03 | computer-controlled machining
This week was an exploration of making big maps with the help of the Shopbot and also the laser-cutter. For city-planners,
map-making is religion but often times they sit 2-dimensionally on powerpoint screens. This week's lesson opened the possibility
that physical, tangible maps could be made relatively quickly and used as a centerpiece for discussion, something I tested out
by bringing my acryllic maps to a meeting with professors with good success. A HUGE THANKS to Tom and John who worked tirelessly
to not just help make my maps happen but to help everyone else in what were two extremely busy weeks - they are the heroes for me
this week.

Chandigarh is the most famous and perhaps only true planned city in India -- it was designed by Le Corbusier and created as a new
model capital of India in its early years after indepdendence. The city itself was laid out in 63 sectors, each carefully dimensioned with
not just transport efficiency in mind but also social cohesion (at least modeled on European social structures). Each sector had its own
amenities, a park, public space, wide streets, etc. It was also geometric and spacious for Indian standards which made it ideal for testing
in on the Shopbot.

The workflow
Stylized Google map of Chandigarh

Traced map in Adobe Illustrator

Shopbot milling
I wanted to translate the different color lines, which represented different street widths into the shopbot so I created 3 seperate .dxf files
which would be used with 3 differents sized nmills - a 3/8ths inch, a 1/4 inch and an 1/8 inch. This process was relatively easy (with lots of
help and inspiration from Tom). The trickiest parts to milling are the power and speed settings for each nmill which works differently depending
on the material -- b/c I had Tom's help, I just made one pass and it worked.

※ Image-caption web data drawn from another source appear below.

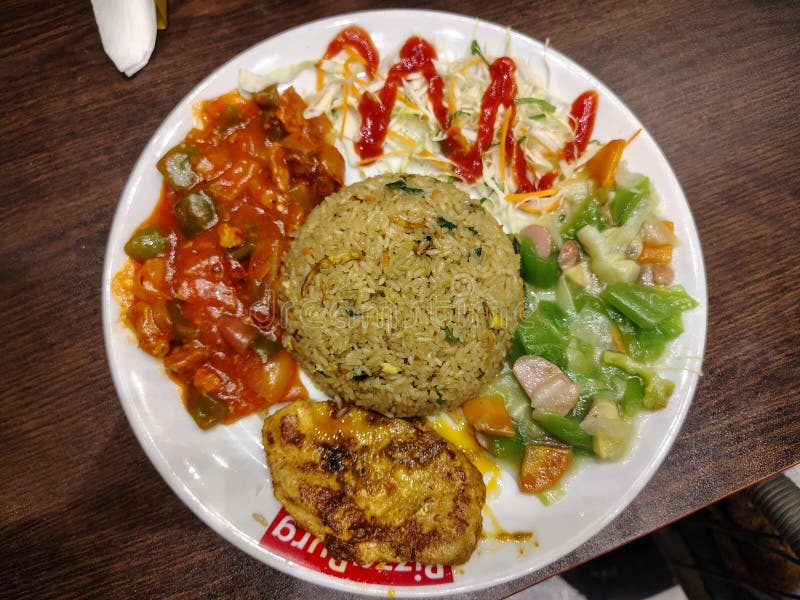Fried rice Chinese vegetable Sonali chicken fry coslo salad
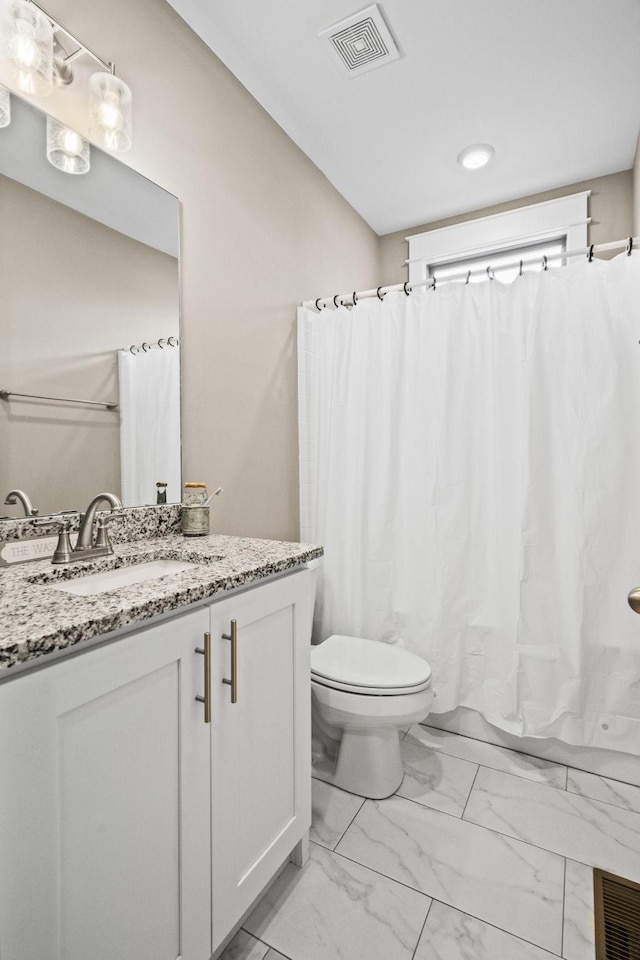 full bathroom with vanity, toilet, and shower / bath combo with shower curtain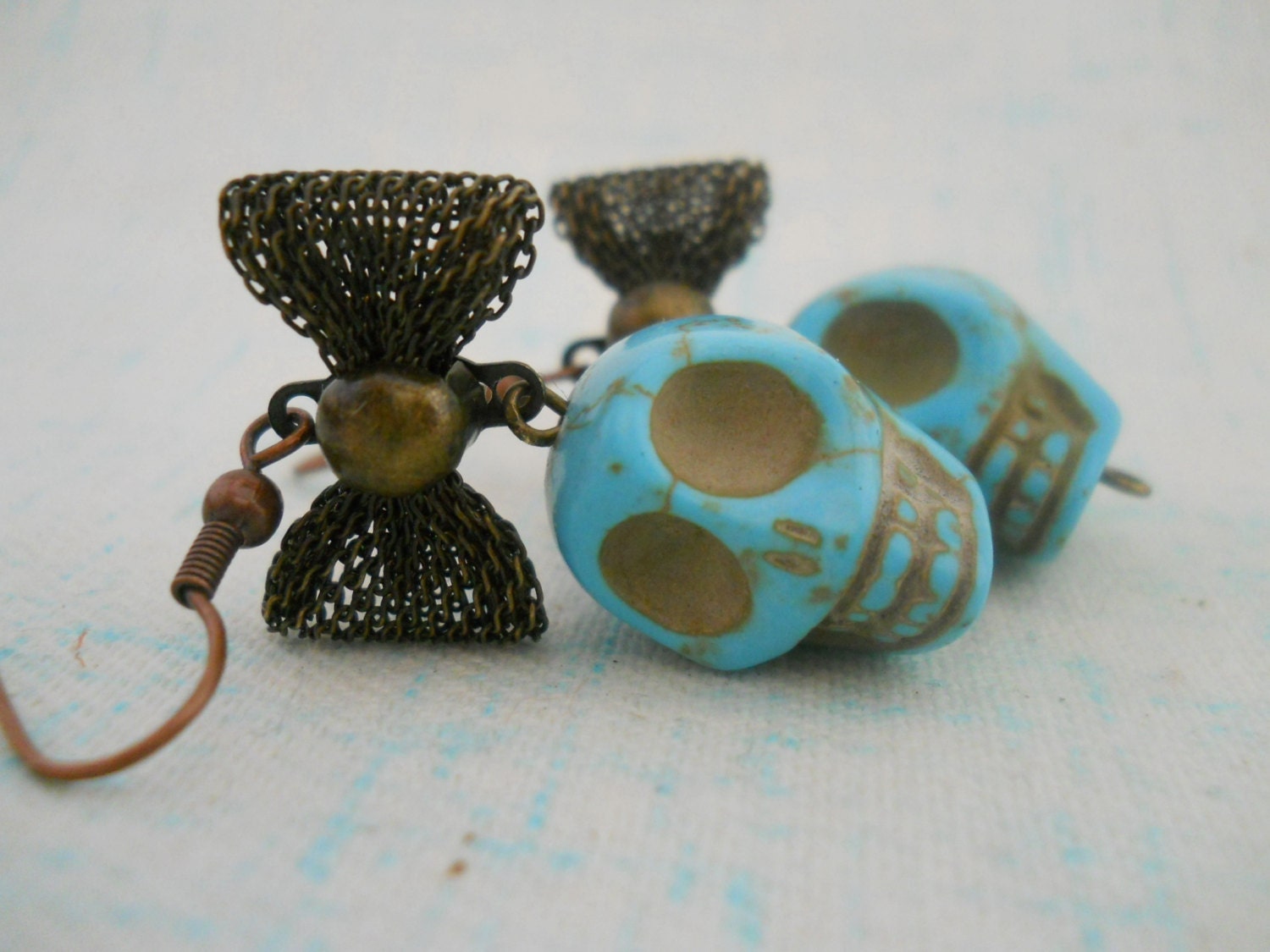 Turquoise skull and bronze mesh bow earrings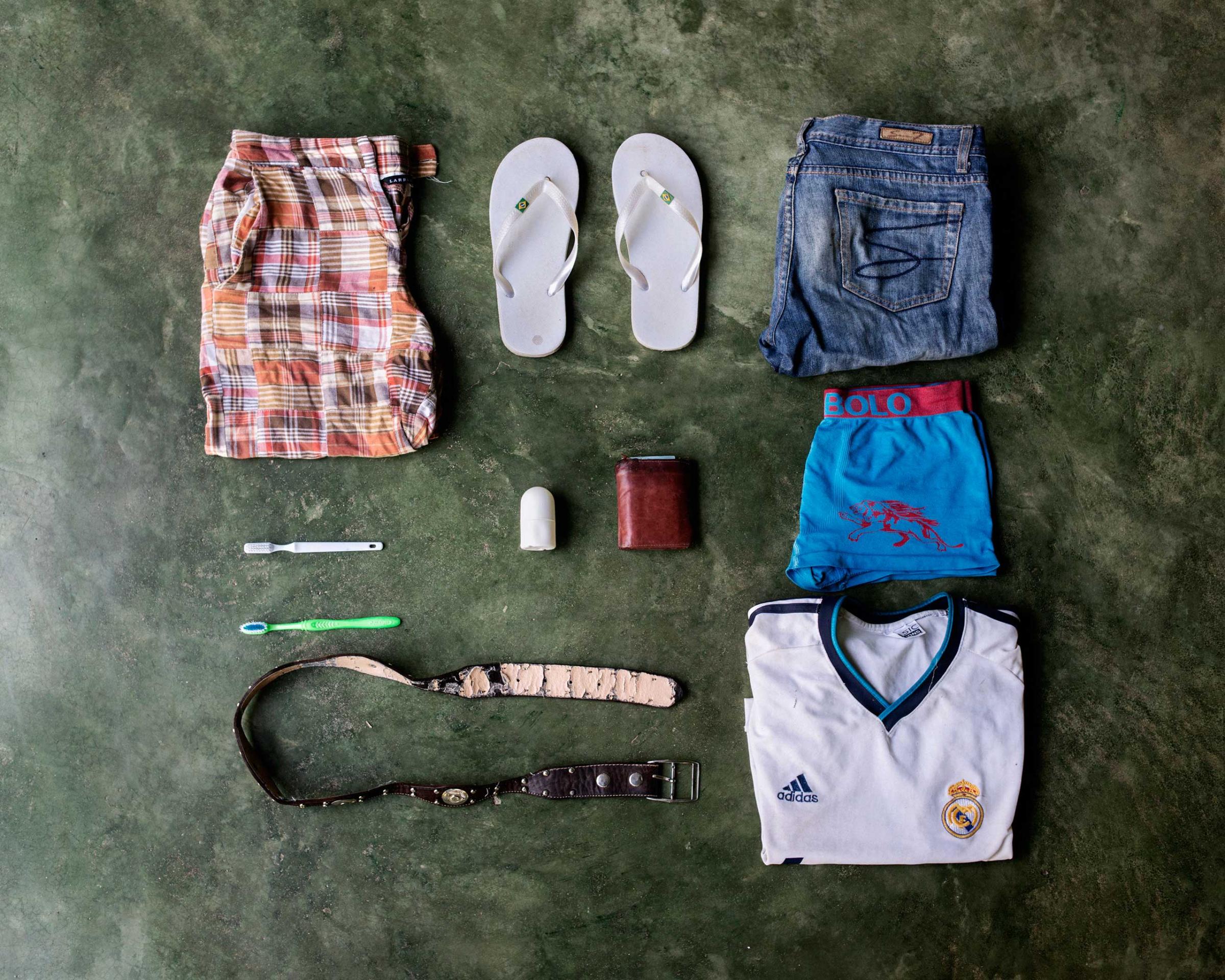 José Alfredo Bin, 27, from Guatemala. Deported from Mexico while he was trying to get to Miami, wants to go to U.S.A. to earn more money. In his bag has a pair of shorts, flip-flops, a pair of pants, two toothbrushes, deodorant, wallet, underwear, belt and a t-shirt of Real Madrid.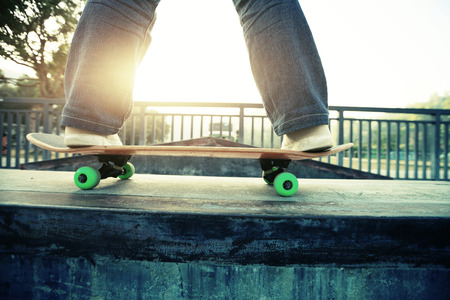 young skateboarder legs riding skateboard at skateparkの写真素材
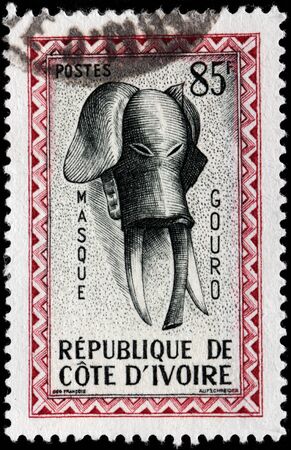 IVORY COAST - CIRCA 1960: A stamp printed by IVORY COAST shows African Elephant Mask, circa 1960のeditorial素材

The OSB board has a certain charm to it but I wanted the lines that I etched to be more prominent so I decided to paint it with some white
acrylic paint which worked pretty well.

Big Map Table Top

Recombining the Digital and Physical Worlds
I wanted to explore whether or not I could recombine the digital and physical worlds by projecting digital information on top of my big map -
and if that was a compelling user experience. In some respects, it added an add'l layer of complexity that a 2D map does not and can create
a physical/digital layer of information that I think is evocative. In a testament to the accuracy of the computer-controlled milling, I could fairly
accurately layer the digital street grid right on top of the physical one that I milled.

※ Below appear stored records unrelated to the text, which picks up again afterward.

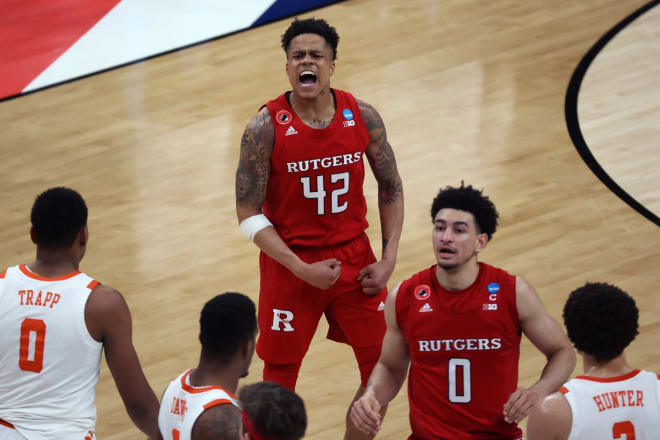 Mar 19, 2021; Indianapolis, Indiana, USA; Rutgers Scarlet Knights guard Jacob Young (42) celebrates on the court after defeating the Clemson Tigers in the first round of the 2021 NCAA Tournament at Bankers Life Fieldhouse. 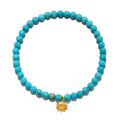 Turquoise beaded stretch bracelet with faceted round stones and a small gold-tone sun charm pendant.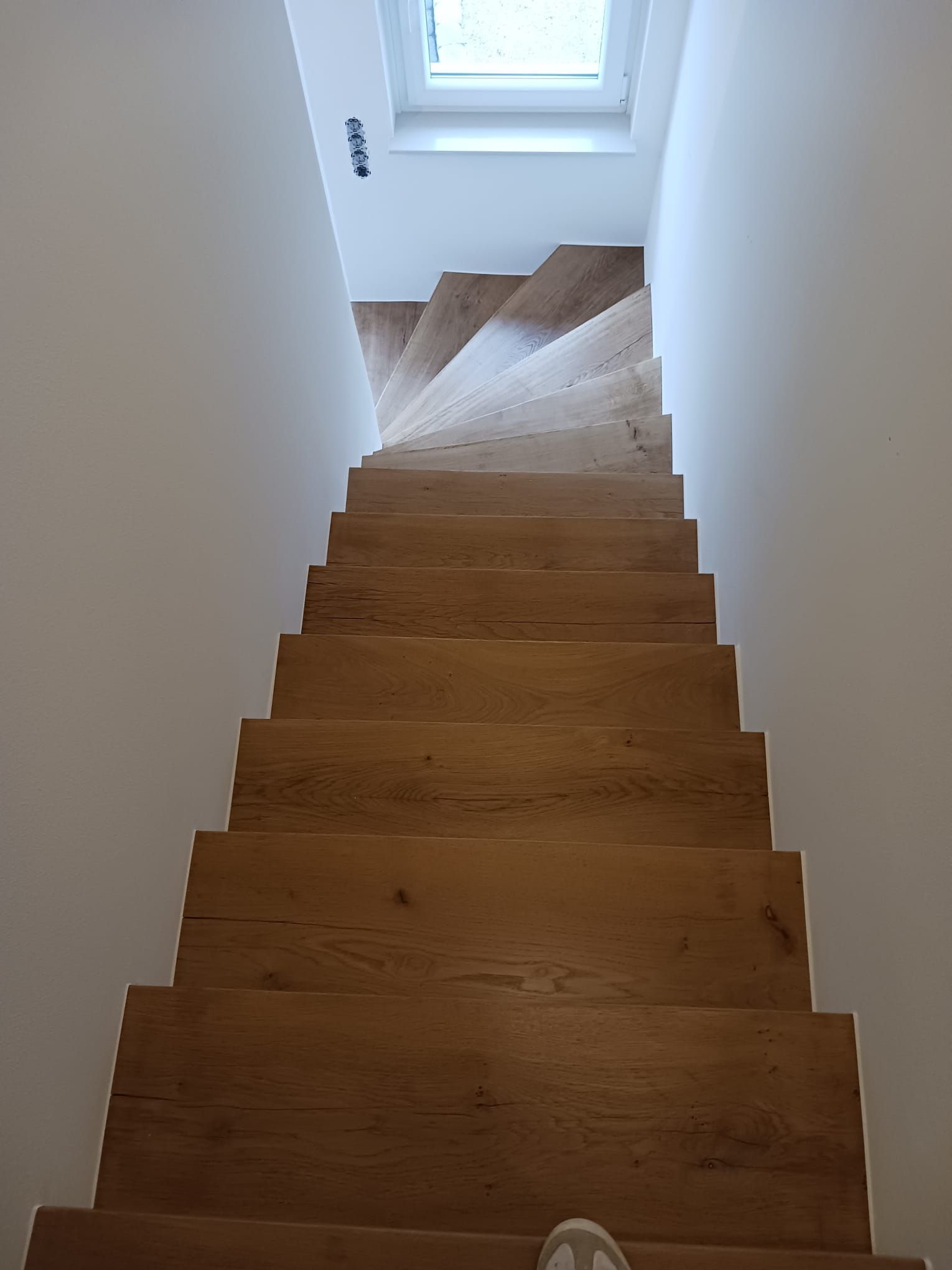 Eine Person geht eine Holztreppe hinunter.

My original intention was to etch this map out on the waterjet but after consulting with John, he recommended that I try to cut the map out
on the laser-cutter in acrylic since the street structure was much more chaotic and detailed in Dhaka. I'm very glad that I did. After multiple attempts, the best workflow we discovered was to export the files I created in Adobe Illustrator as bitmaps or pngs and then use Corel Draw to etch them as clipart. The quality was better than I expected -- the only unexpected surprise was that it took almost 2 hours to complete on the laser cutter.